Both statements are correct. But both miss the point. There may be too much lending in the unregulated state. Equity may look costly to banks but it has an overall beneficial side effect in better aligning the interests of shareholders with those of other claimants on the bank. To put the point another way: there is an inherent tendency in banking markets for there to be excessive risk taking. 
This is a nice point, which had not occurred to me. If the cost of debt financing rises, borrowers may choose equity financing instead. It's not obvious that the total amount of investment declines, or that it declines in a socially inefficient way. There is such a thing as too much debt!

Lessons about Monetary Policy: QE, ZLB and deflation
The global recession led many central banks to lower their policy rates to near zero. With the exception of in Japan, this was pretty much unchartered territory for monetary policymakers...

...the predictions from mainstream theoretical macroeconomic models for what would come next were not comforting... [For example] Eggertsson and Woodford (2003, EW) had analysed what happens at such low levels of policy rates and the likely effectiveness of asset purchases. They suggested that on hitting the lower bound an economy could suffer a deep deflation and recession and that asset purchases were not likely to help much. Their analysis suggested that the effective way to avoid deflation in such circumstances would be to commit to future inflation overshooting the target.

I found these predictions somewhat unrealistic, ...

I also doubt that there is a deflation cliff at the ELB. The evidence for thinking that deflation risks become great at the ELB is actually quite weak. There were no dramatic deflations among OECD economies (except for Ireland, which saw an exceptionally sharp fall in economic activity), and there was no clear difference in the change in inflation rates between countries that were constrained by the ELB and those that were not.
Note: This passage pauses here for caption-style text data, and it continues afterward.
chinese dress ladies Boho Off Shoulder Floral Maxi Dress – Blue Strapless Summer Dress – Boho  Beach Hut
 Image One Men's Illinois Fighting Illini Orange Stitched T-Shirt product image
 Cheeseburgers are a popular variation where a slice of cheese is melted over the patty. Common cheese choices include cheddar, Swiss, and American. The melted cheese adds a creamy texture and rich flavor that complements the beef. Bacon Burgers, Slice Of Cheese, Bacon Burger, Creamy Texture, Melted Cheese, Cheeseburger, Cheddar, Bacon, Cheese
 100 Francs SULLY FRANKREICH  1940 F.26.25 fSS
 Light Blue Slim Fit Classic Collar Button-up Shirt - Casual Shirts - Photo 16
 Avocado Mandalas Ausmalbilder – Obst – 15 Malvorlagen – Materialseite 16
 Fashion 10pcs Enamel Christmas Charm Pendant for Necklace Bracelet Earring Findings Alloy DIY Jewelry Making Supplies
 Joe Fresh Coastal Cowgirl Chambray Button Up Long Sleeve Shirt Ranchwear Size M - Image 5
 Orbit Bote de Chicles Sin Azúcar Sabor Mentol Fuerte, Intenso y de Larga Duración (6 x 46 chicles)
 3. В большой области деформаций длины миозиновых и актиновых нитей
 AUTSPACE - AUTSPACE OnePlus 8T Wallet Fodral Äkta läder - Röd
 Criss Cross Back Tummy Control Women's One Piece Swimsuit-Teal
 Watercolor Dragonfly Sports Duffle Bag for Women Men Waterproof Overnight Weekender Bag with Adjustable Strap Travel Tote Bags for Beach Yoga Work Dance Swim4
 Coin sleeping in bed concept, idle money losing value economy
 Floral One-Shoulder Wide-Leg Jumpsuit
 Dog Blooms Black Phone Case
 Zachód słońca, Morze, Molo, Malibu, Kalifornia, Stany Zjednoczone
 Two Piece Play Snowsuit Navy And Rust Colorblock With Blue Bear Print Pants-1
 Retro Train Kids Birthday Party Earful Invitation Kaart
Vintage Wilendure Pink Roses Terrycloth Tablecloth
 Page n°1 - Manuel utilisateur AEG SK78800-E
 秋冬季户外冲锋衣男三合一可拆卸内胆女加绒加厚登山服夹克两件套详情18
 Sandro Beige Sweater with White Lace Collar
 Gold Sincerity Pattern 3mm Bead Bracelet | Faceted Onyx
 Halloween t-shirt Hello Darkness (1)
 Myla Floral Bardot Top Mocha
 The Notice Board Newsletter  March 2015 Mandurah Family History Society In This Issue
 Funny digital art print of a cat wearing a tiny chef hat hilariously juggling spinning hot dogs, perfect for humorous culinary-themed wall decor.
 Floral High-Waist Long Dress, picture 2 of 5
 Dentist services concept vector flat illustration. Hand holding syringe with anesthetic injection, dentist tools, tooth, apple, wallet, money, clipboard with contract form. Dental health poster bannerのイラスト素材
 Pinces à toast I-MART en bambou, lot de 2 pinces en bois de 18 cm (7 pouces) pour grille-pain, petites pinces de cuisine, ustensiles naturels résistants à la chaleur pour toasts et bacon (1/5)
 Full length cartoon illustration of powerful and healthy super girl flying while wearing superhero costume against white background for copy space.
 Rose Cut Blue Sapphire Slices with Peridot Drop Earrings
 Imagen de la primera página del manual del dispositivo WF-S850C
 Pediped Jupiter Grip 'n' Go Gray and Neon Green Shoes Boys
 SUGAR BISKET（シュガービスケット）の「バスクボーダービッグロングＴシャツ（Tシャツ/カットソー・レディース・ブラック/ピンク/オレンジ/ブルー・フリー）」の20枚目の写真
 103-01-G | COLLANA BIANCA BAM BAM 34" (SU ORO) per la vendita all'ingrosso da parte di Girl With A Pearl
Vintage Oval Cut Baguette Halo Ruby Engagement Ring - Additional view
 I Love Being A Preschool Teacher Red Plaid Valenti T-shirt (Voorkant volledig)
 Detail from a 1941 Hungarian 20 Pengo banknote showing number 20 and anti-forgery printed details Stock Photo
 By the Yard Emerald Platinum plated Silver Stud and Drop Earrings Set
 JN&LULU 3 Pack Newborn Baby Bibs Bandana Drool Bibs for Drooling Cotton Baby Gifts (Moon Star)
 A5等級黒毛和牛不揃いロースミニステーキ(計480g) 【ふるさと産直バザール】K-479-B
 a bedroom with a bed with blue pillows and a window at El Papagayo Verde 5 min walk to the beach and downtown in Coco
Inflation fell in most OECD countries in 2009, but only a few experienced outright deflation.

... Neither actual nor expected inflation displayed the deflation cliff at the effective lower bound.
He's not quite "neo-Fisherian." But clearly the prediction of a deflation "spiral" or "vortex" at the zero bound troubled him at the start -- as it should have -- and no longer sits well.

I disagree mildly on the effectiveness of quantitative easing. David seems to think it worked. And his story for the absence of deflation seems to be in part that QE stopped it. But, he acknowledges Ben Bernanke's famous quote, "the problem with QE is that it works in practice, but it doesn’t work in theory." I'm reluctant to really believe anything works until we have at least a vaguely plausible understanding of how it works. Doctors believed in bleeding for a long time. One can see though how practical experience and academic reserve might differ here.